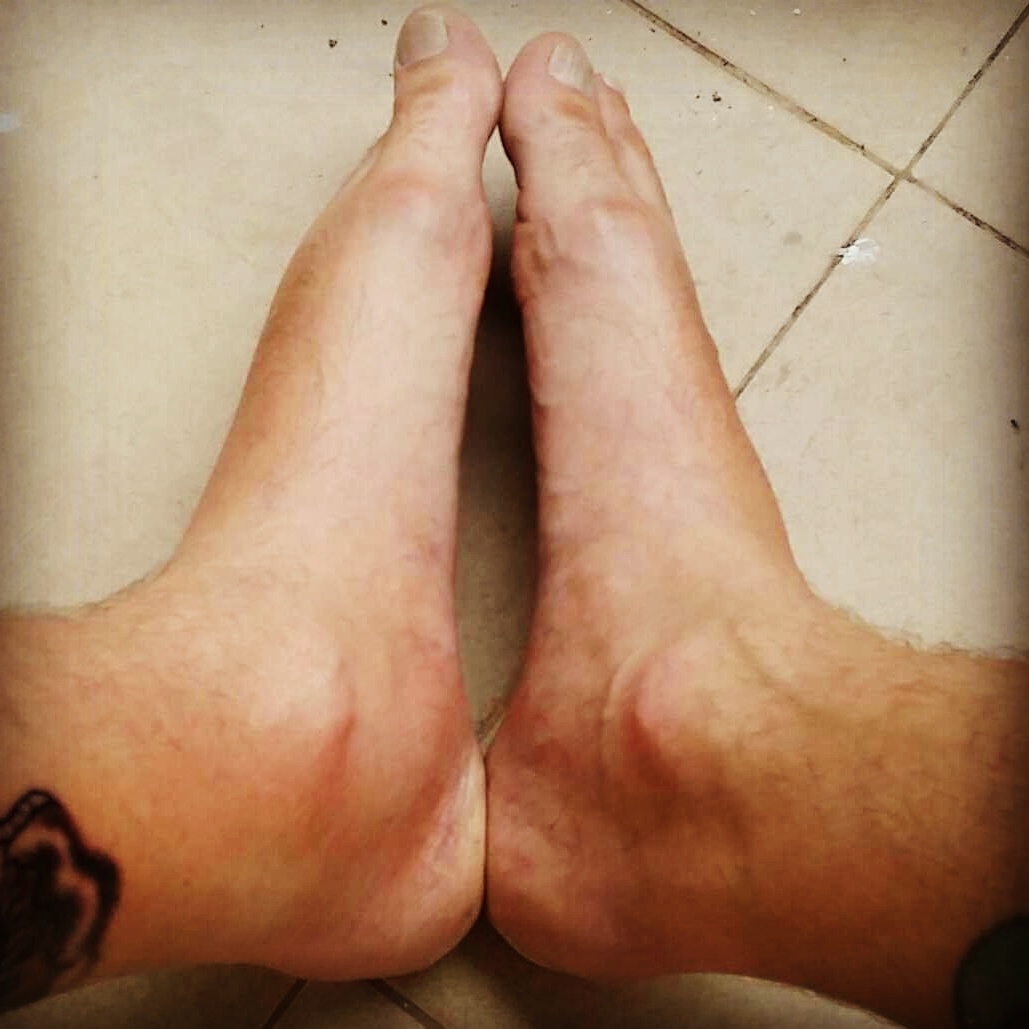 Feet And Ankle Swelling After Leg Tattoo Midlifemate in size 1029 X 1029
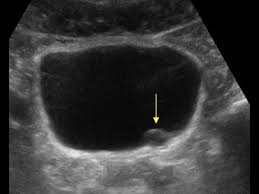 Wk 7 Renal Pathology Small Ureterocele On The Lt Side Medical Ultrasound Ultrasound Sonography Ultrasound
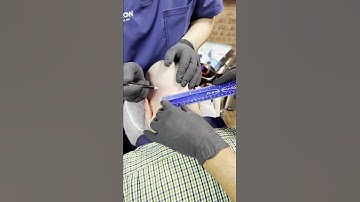 Why do you need “Multiple Sessions “ of Scalp-Micropigmentation?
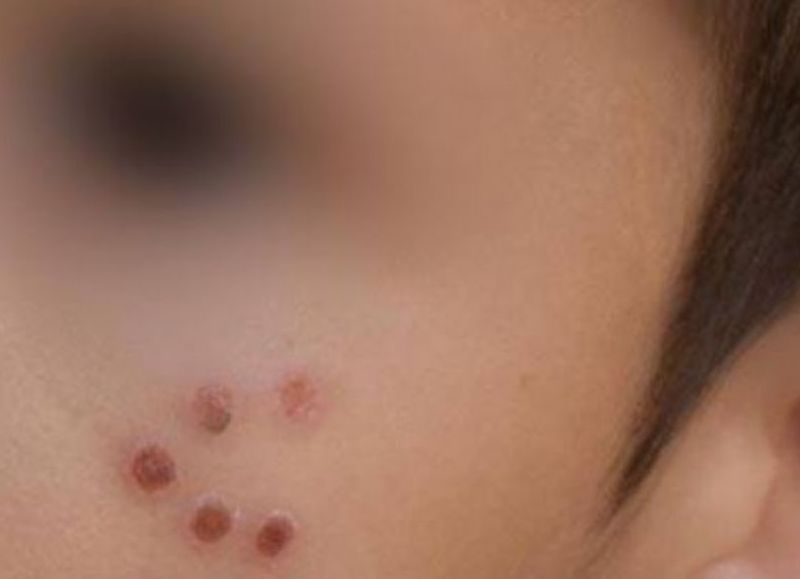 Capital: disponen la prisión preventiva para un hombre acusado de golpear y quemar con cigarrillo al hijo de su pareja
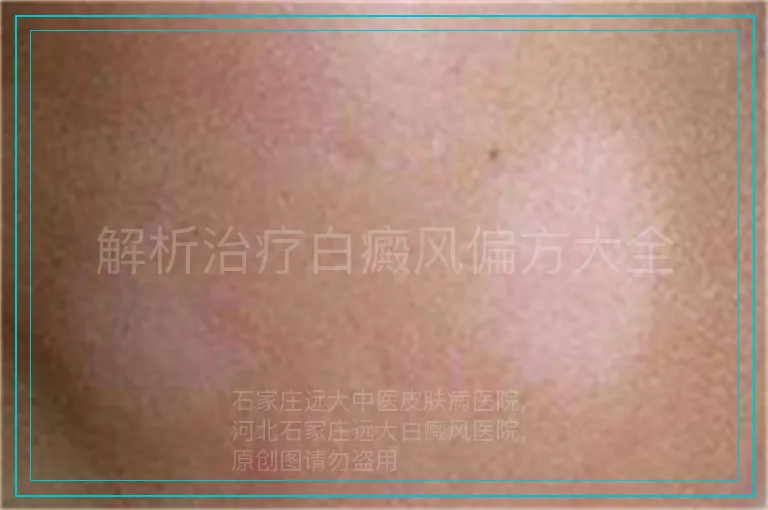 解析治疗白癜风偏方大全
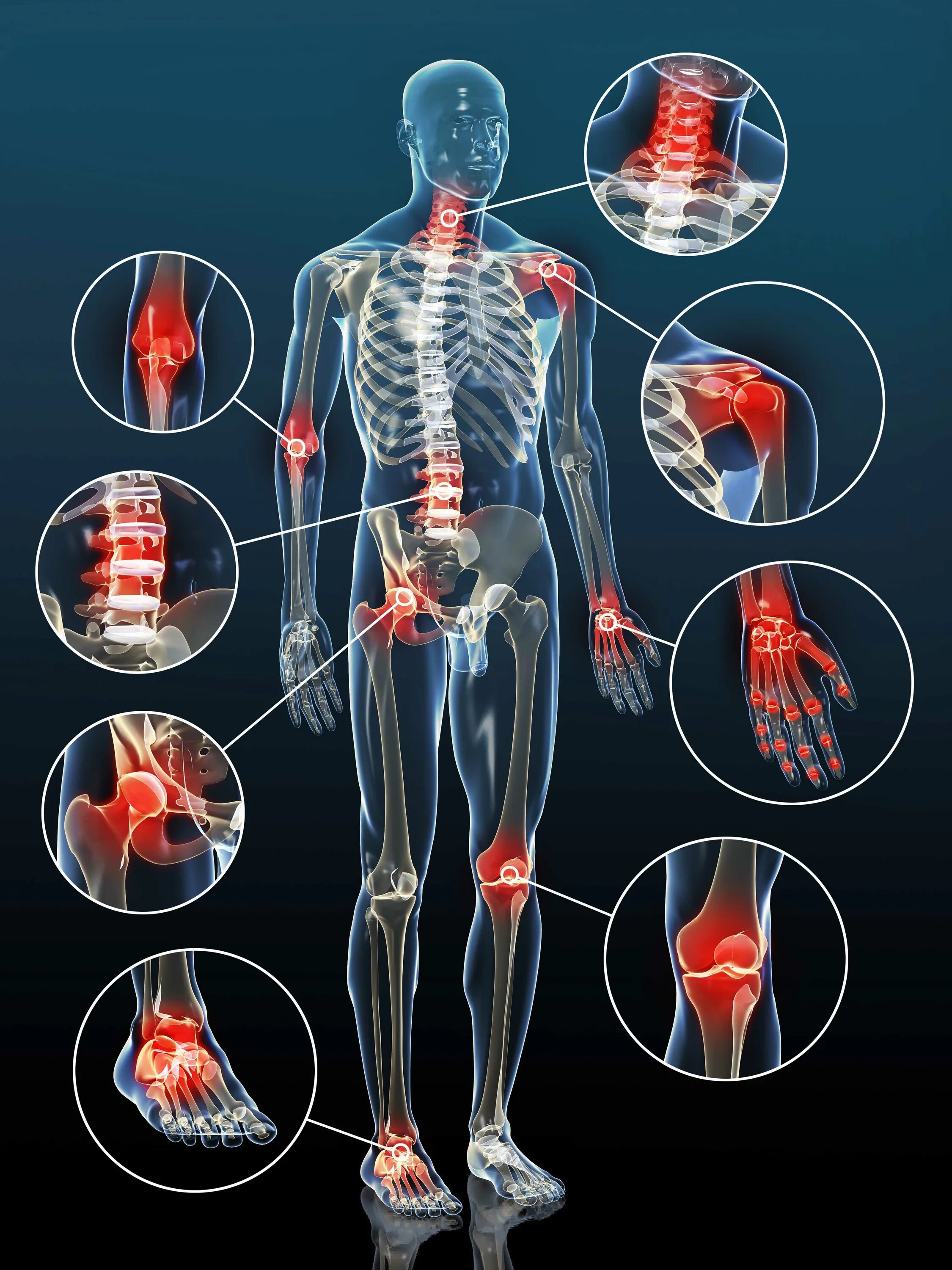 Болезни костно-мышечной системы и соединительной ткани. Болезни костно-мышечной системы (опорно-двигательного аппарата). Костносустовная система. Боль в суставах.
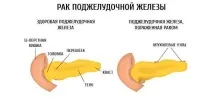 Лікування раку підшлункової залози в Ізраїлі. раку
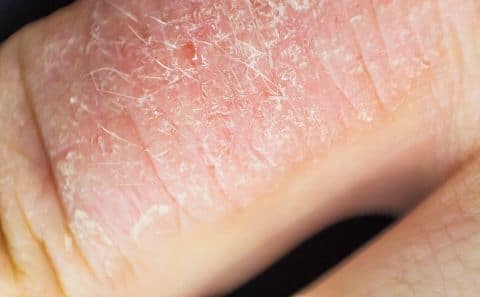 Éruption de psoriasis sur les jointures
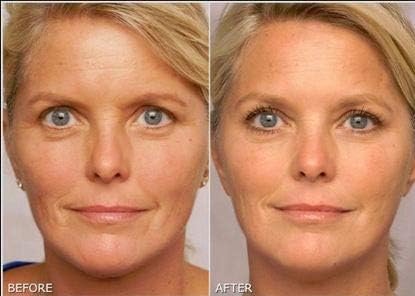 Retinol Gel 0.1% Vitamin A – Anti-Aging Formula for Fine Lines, Wrinkles, Scars & Sun Spots (20g) Avelisse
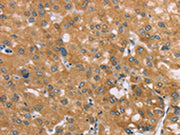 The image on the left is immunohistochemistry of paraffin-embedded Human liver cancer tissue using CSB-PA206663(SAMD4A Antibody) at dilution 1/35, on the right is treated with synthetic peptide. (Original magnification: ×200)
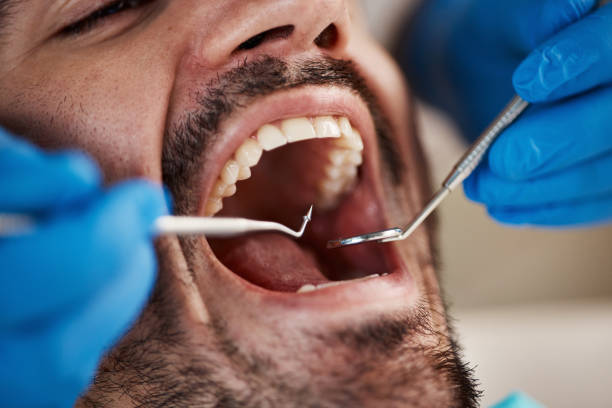 Best Emergency Wisdom Teeth Removal in Patterson, CA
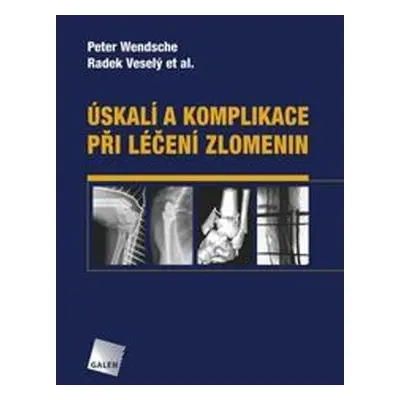 Úskalí a komplikace při léčení zlomenin - Radek Veselý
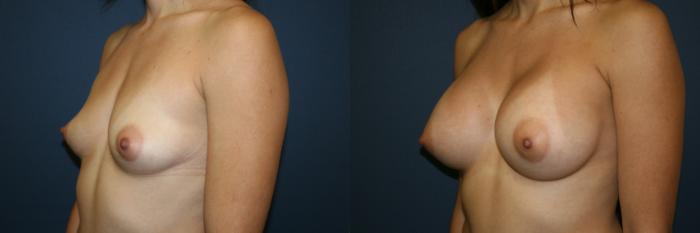 Breast Augmentation Case 53 Before & After View #3 | San Jose & Palo Alto, CA | Daryl K. Hoffman, MD
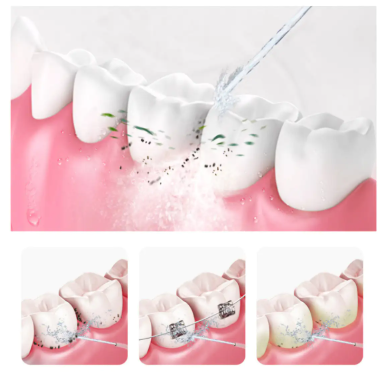Sootiva Water Flosser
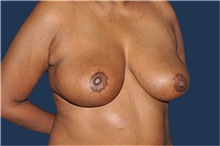 Breast Reduction After Photo by Jerry Weiger Chang, MD, FACS; Flushing, NY - Case 41883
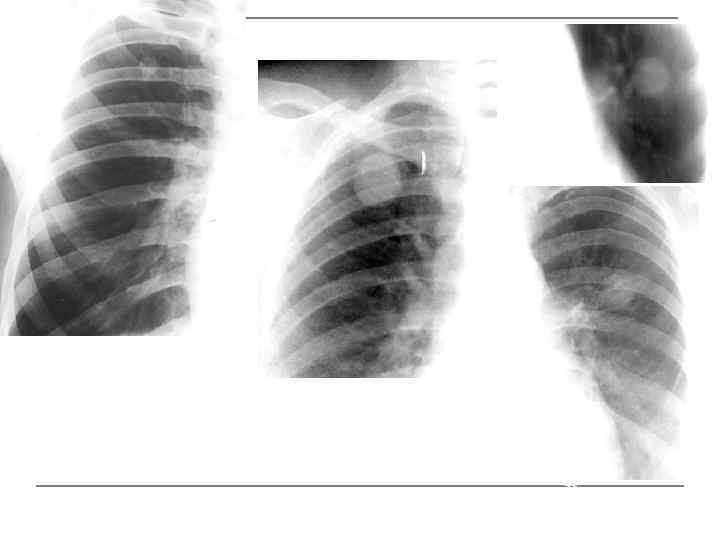 Туберкулема Хондрома Рак 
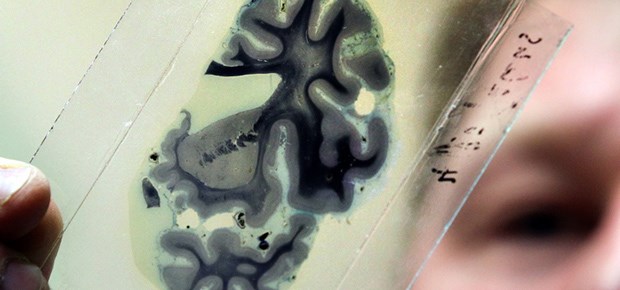 Antikörper bei Alzheimer gescheitert Alzheimer: Aus einem Antikörper wurde nichts.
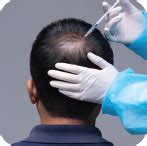 Hair transplant: What are the procedures and side effects?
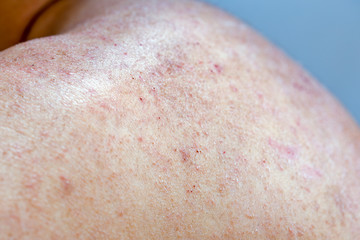 Fototapeta premium Extreme close-up photography of the atocpic dermatitis symptoms on the left shoulder of an adult male.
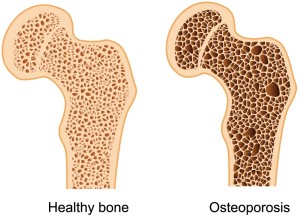 healthy bone vs osteoporotic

────────────────

# Problem description
The material above is to be repeated word for word, with no images kept.

# Your solution
 Feet And Ankle Swelling After Leg Tattoo Midlifemate in size 1029 X 1029
 Wk 7 Renal Pathology Small Ureterocele On The Lt Side Medical Ultrasound Ultrasound Sonography Ultrasound
 Why do you need “Multiple Sessions “ of Scalp-Micropigmentation?
 Capital: disponen la prisión preventiva para un hombre acusado de golpear y quemar con cigarrillo al hijo de su pareja
 解析治疗白癜风偏方大全
 Болезни костно-мышечной системы и соединительной ткани. Болезни костно-мышечной системы (опорно-двигательного аппарата). Костносустовная система. Боль в суставах.
 Лікування раку підшлункової залози в Ізраїлі. раку
 Éruption de psoriasis sur les jointures
 Retinol Gel 0.1% Vitamin A – Anti-Aging Formula for Fine Lines, Wrinkles, Scars & Sun Spots (20g) Avelisse
 The image on the left is immunohistochemistry of paraffin-embedded Human liver cancer tissue using CSB-PA206663(SAMD4A Antibody) at dilution 1/35, on the right is treated with synthetic peptide. (Original magnification: ×200)
 Best Emergency Wisdom Teeth Removal in Patterson, CA
 Úskalí a komplikace při léčení zlomenin - Radek Veselý
 Breast Augmentation Case 53 Before & After View #3 | San Jose & Palo Alto, CA | Daryl K. Hoffman, MD
Sootiva Water Flosser
 Breast Reduction After Photo by Jerry Weiger Chang, MD, FACS; Flushing, NY - Case 41883
 Туберкулема Хондрома Рак 
 Antikörper bei Alzheimer gescheitert Alzheimer: Aus einem Antikörper wurde nichts.
 Hair transplant: What are the procedures and side effects?
 Fototapeta premium Extreme close-up photography of the atocpic dermatitis symptoms on the left shoulder of an adult male.
 healthy bone vs osteoporotic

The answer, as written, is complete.